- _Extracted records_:
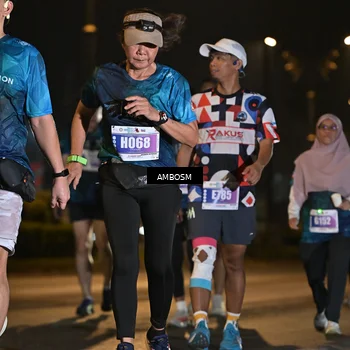 Runner Photo 4365061
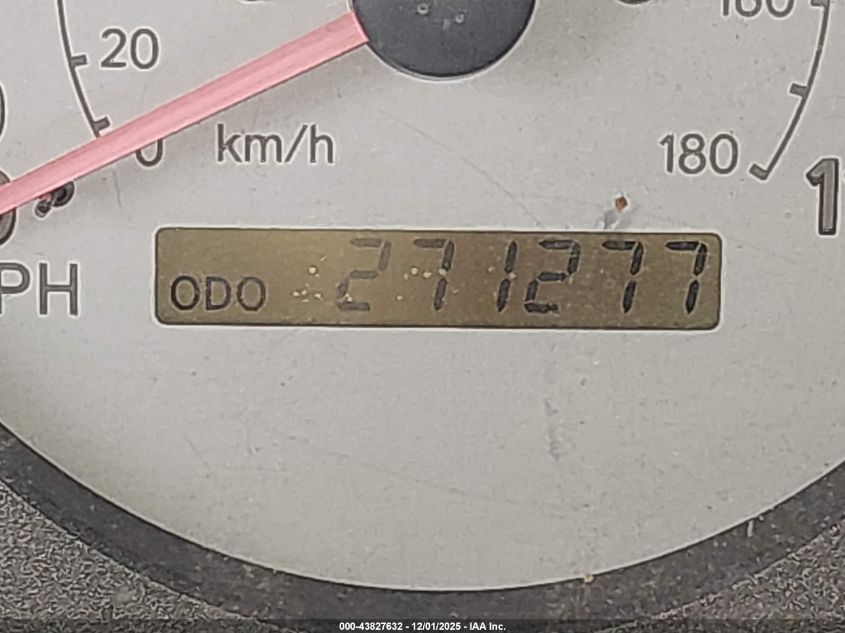 1999 Toyota Corolla Ce VIN: 2T1BR12E8XC103647 Lot: 43827632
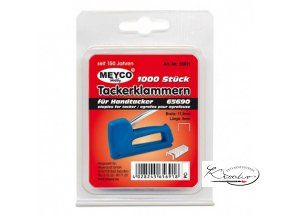 Náhradní hobby spony Meyco
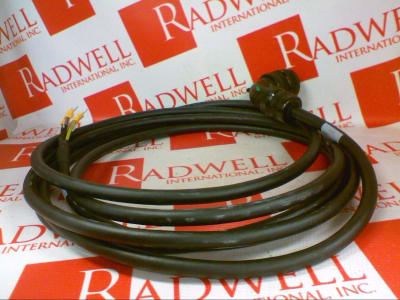 OMRON R88A-CAGD005SR-E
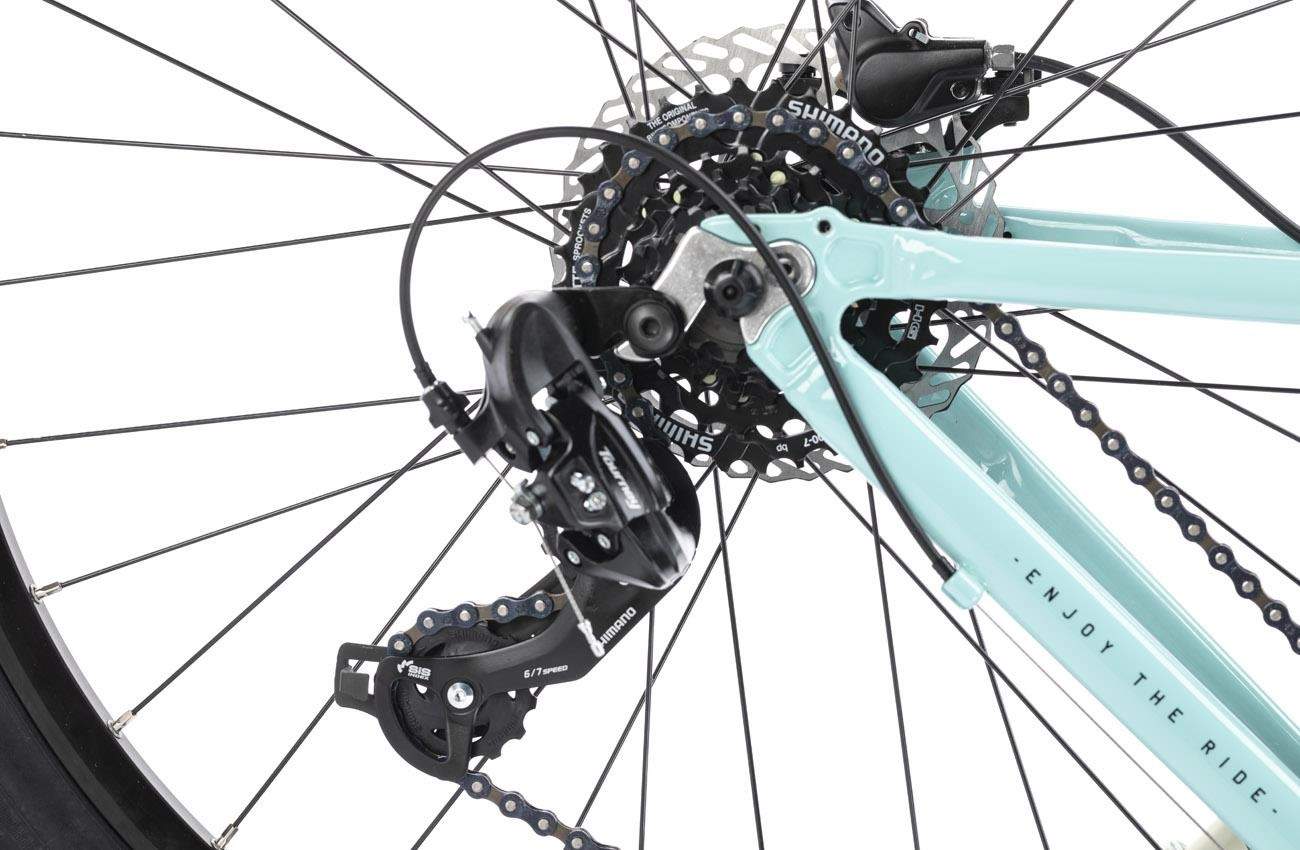 Bicicleta Conor 6300 2025 - Imagen 2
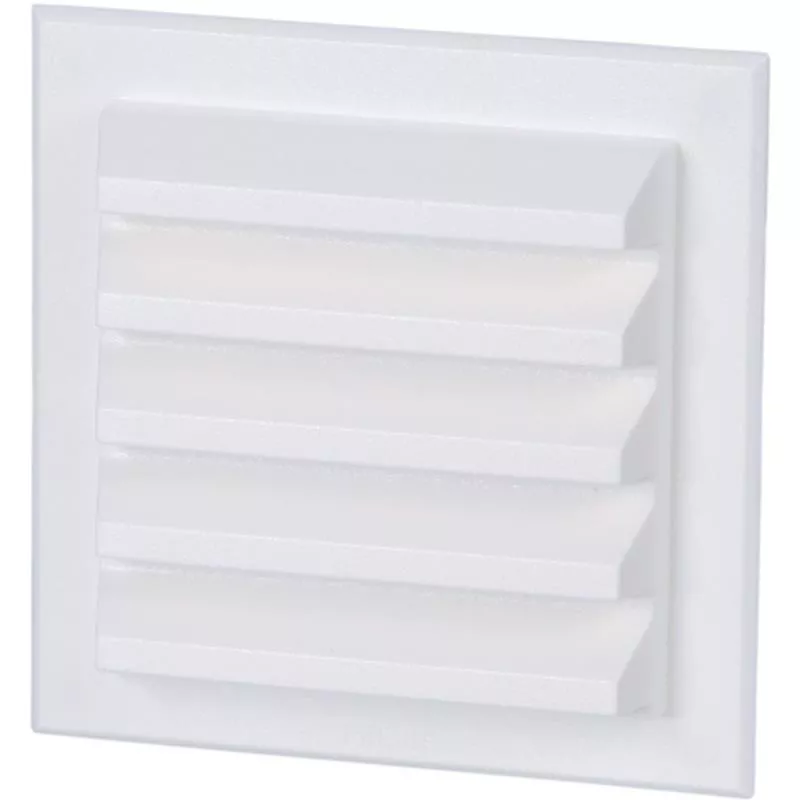 Ventilationsgaller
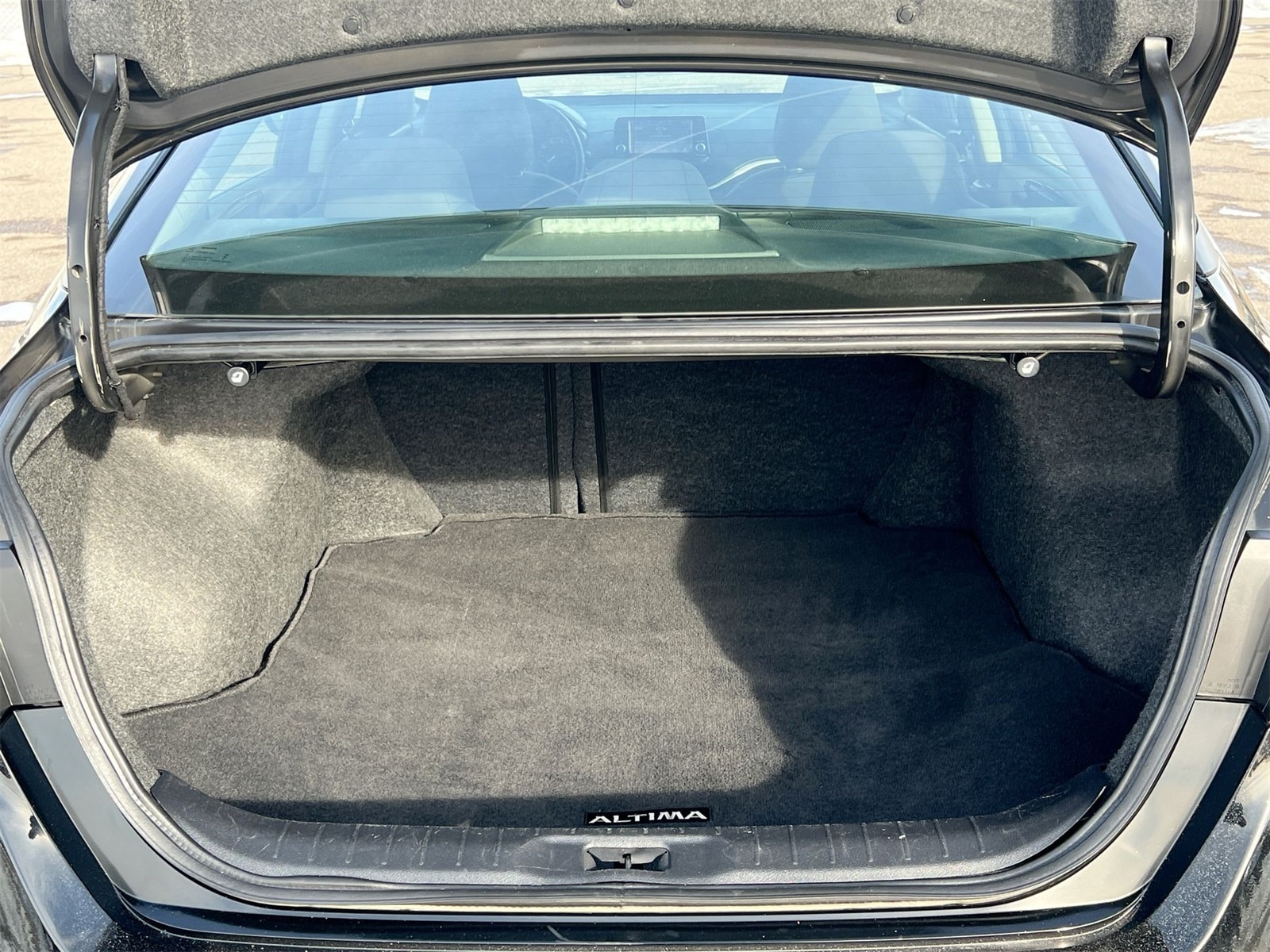 Thumbnail: 2023 Nissan Altima - 34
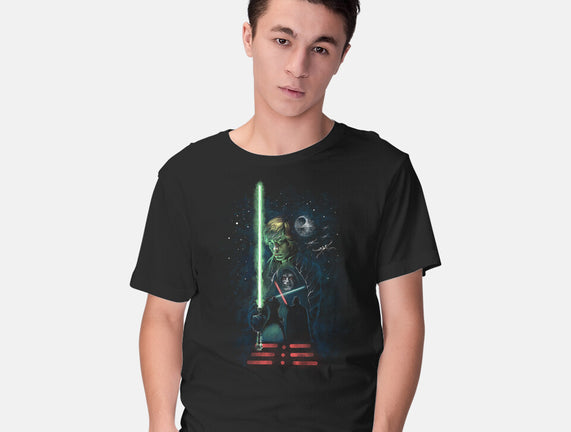 The Power Of The Force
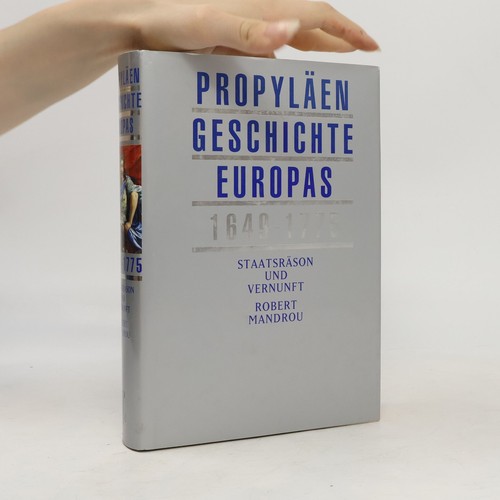Propyläen geschichte europas - propyläen-geschichte,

- _ACTION ITEM_: The line containing "The Power Of The Force" and every line after it, through the end of the records, are what you should retype exactly. Do not include the pictures.

- _ANSWER AREA_:
 The Power Of The Force
Propyläen geschichte europas - propyläen-geschichte,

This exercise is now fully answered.